Na południe od Kopenhagi, w lesie Gisselfeld Klosters — terenie charakteryzującym się łagodnymi wzgórzami, jeziorami, potokami, malowniczymi mokradłami i łąkami — architekci z duńskiej pracowni EFFEKT zaprojektowali spiralną wieżę widokową.

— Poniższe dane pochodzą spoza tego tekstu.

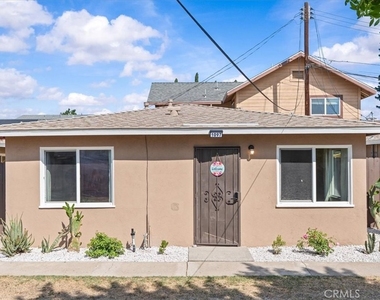 1097 Bonita Street - Photo Thumbnail 24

Głównym założeniem autorów projektu było stworzenie punktu widokowego, który umożliwi doświadczenie przyrody bez zakłócania naturalnego środowiska lasu. Aby osiągnąć ten efekt i subtelnie wtopić architekturę w naturalny kontekst, architekci zaprojektowali ażurową wieżę ze stali o podwyższonej odporności na warunki atmosferyczne (corten) i dębowego drewna pochodzącego z lokalnych źródeł.

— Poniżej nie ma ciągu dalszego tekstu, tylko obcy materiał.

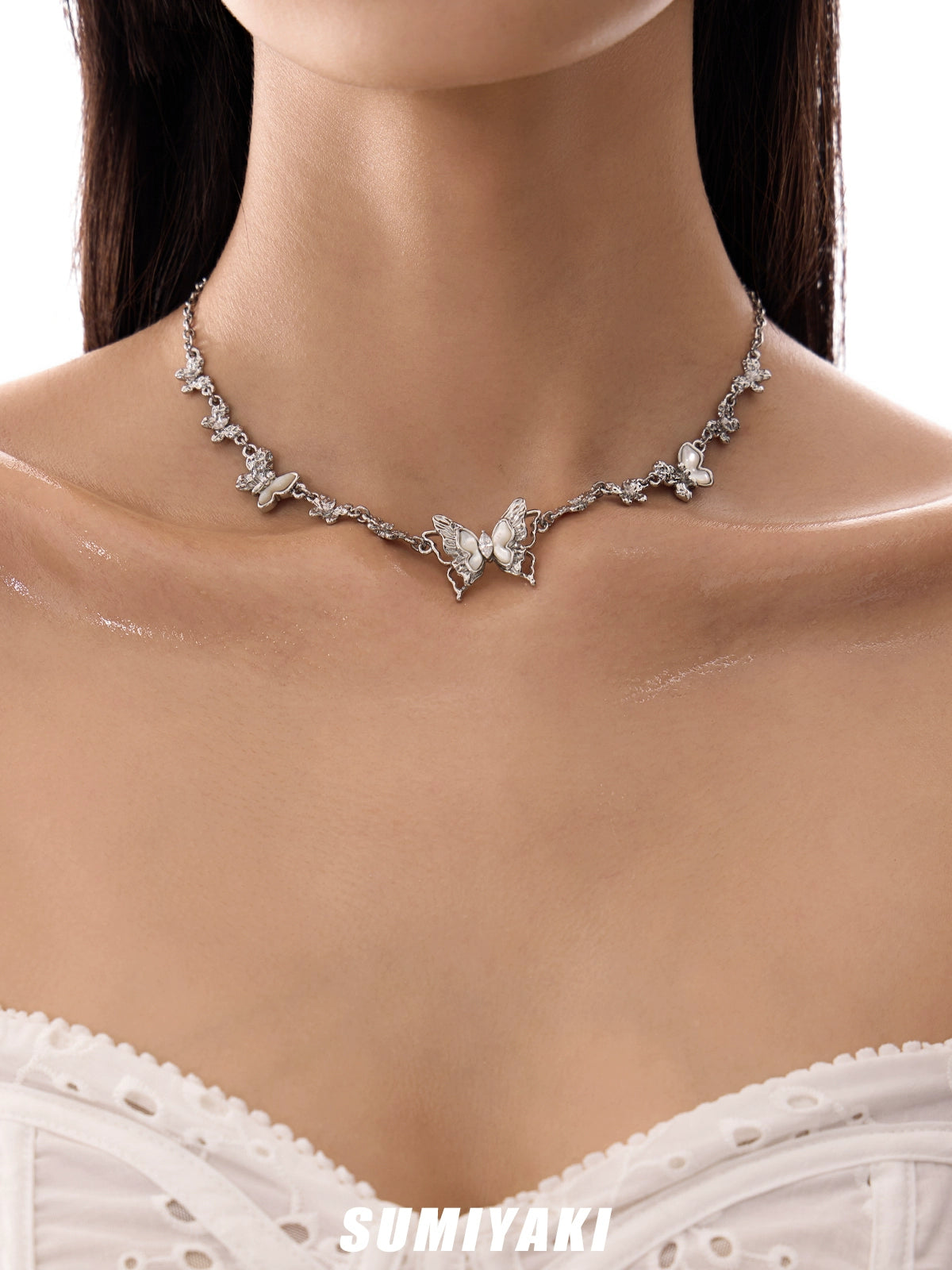 SUMIYAKI Light Luxury Diamond-encrusted White Fritillary Butterfly Necklace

Natura zapewnia prawdziwe doświadczenie, my tylko sprawiliśmy, że stało się ono bardziej dostępne i zaproponowaliśmy wiele nowych, alternatywnych perspektyw. Wieża jest ukształtowana tak, aby poprawić doświadczenie zwiedzających. Unikaliśmy typowego, cylindrycznego kształtu na rzecz wygiętego profilu z wysmukloną „talią” oraz powiększonymi podstawą i koroną — powiedział Tue Foged, architekt z pracowni EFFEKT.
przekrój
© EFFEKT
Aby podziwiać wspaniałe widoki należy wspiąć się na szczyt wysokiej na 45 metrów wieży. Do punktu widokowego prowadzi spiralna, wewnętrzna rampa o długości 650 metrów.
Rampa prowadząca do tarasu widokowego zyskuje dzięki hiperbolicznemu kształtowi wieży — jej geometria i odstępy pomiędzy poszczególnymi poziomami zmieniają się w zależności od zmian krzywizny. Dzięki temu zabiegowi, rampa stała się rzeźbiarskim elementem, który sprawia, że droga na szczyt jest wyjątkowym doświadczeniem dostępnym dla wszystkich odwiedzających.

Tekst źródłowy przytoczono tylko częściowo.